_Exercise details_. Look for the line that has "Ianos Apartments ポトス エクステリア 写真" in the material below; please repeat it and every line after it, exactly, up to and including the line that has "El café de La", and nothing else.

_Data to process_.
■ ■ ■ ■

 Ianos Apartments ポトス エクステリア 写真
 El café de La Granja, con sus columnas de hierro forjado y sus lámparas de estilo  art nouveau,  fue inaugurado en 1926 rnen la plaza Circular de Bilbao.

■ ■ ■ ■

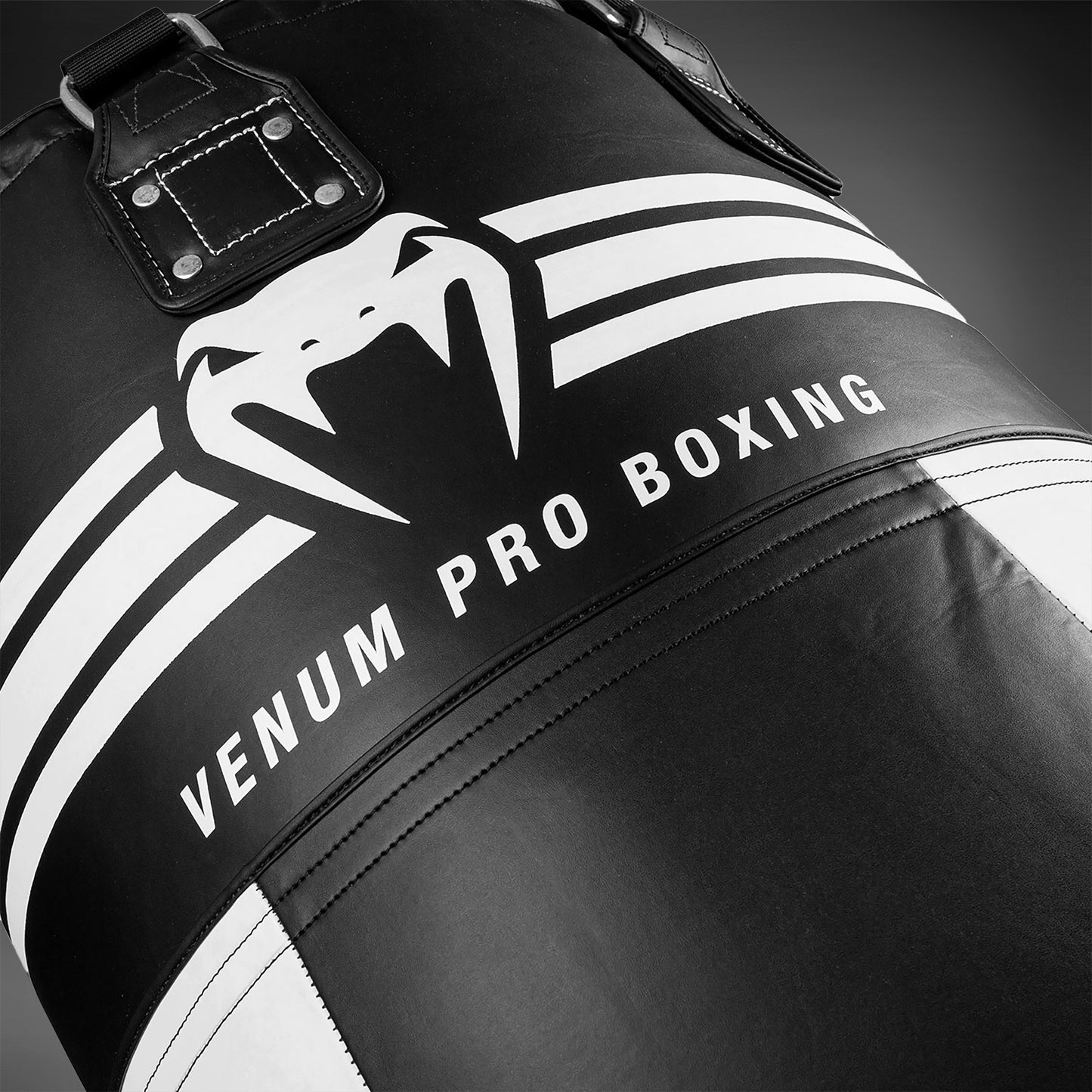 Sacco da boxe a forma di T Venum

■ ■ ■ ■

_Response to this task_.
 Ianos Apartments ポトス エクステリア 写真
 El café de La Granja, con sus columnas de hierro forjado y sus lámparas de estilo  art nouveau,  fue inaugurado en 1926 rnen la plaza Circular de Bilbao.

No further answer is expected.